[Start of Attachment]

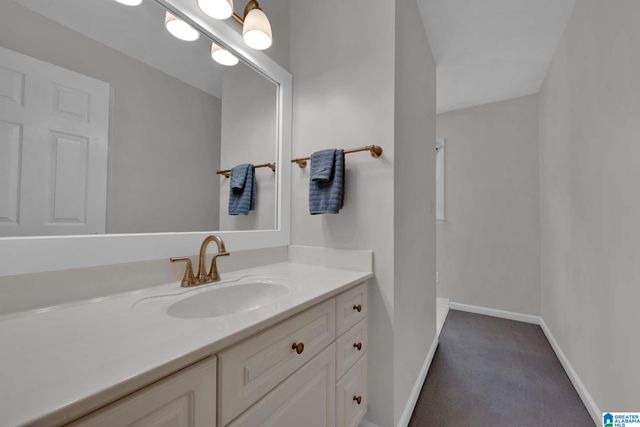 325 ARROWHEAD LANE, Indian Springs Village, AL 35124
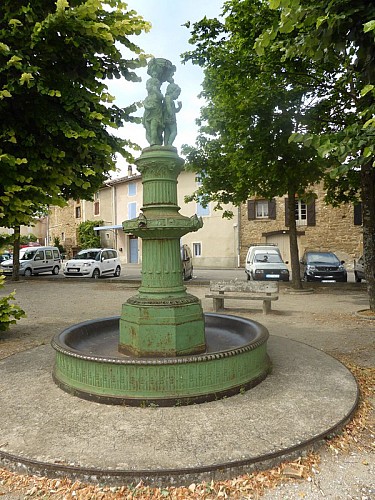 La Fontaine Mazet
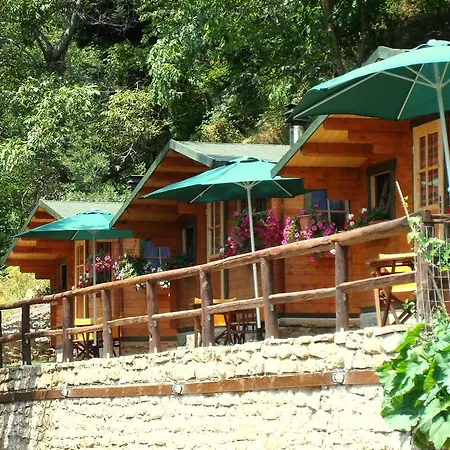 Wild Life Chalets Сasa de vacaciones *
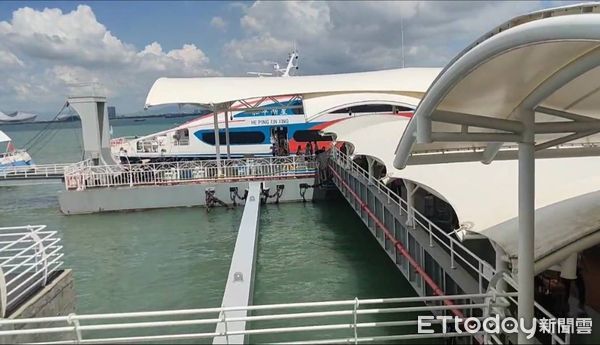 ▲▼小三通大陸籍客船「和平新星」輪航行時引擎故障，誤點20分鐘。（圖／記者林名揚翻攝)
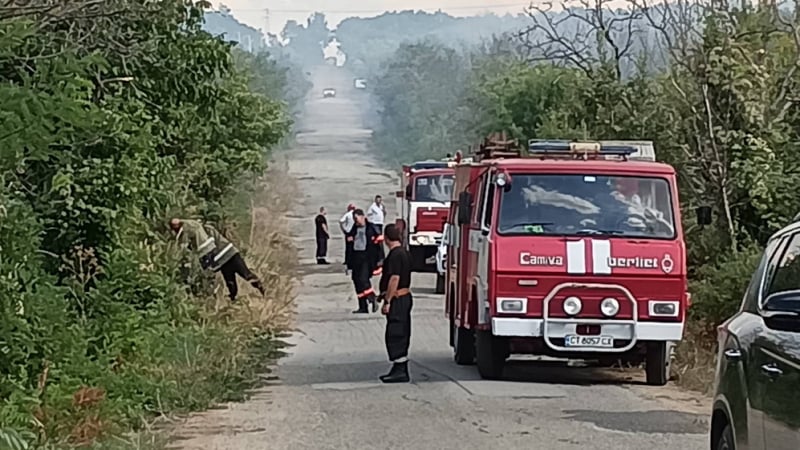 „Нашето село ще стане на пепел“: Пореден пожар затвори ключов пътен възел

[End of Attachment]

• **Work instruction**:
Write out exactly the lines from the one that contains "La Fontaine Mazet" through the last line of the data above, both included. Leave every picture out.

• **Problem solution**:
 La Fontaine Mazet
 Wild Life Chalets Сasa de vacaciones *
 ▲▼小三通大陸籍客船「和平新星」輪航行時引擎故障，誤點20分鐘。（圖／記者林名揚翻攝)
 „Нашето село ще стане на пепел“: Пореден пожар затвори ключов пътен възел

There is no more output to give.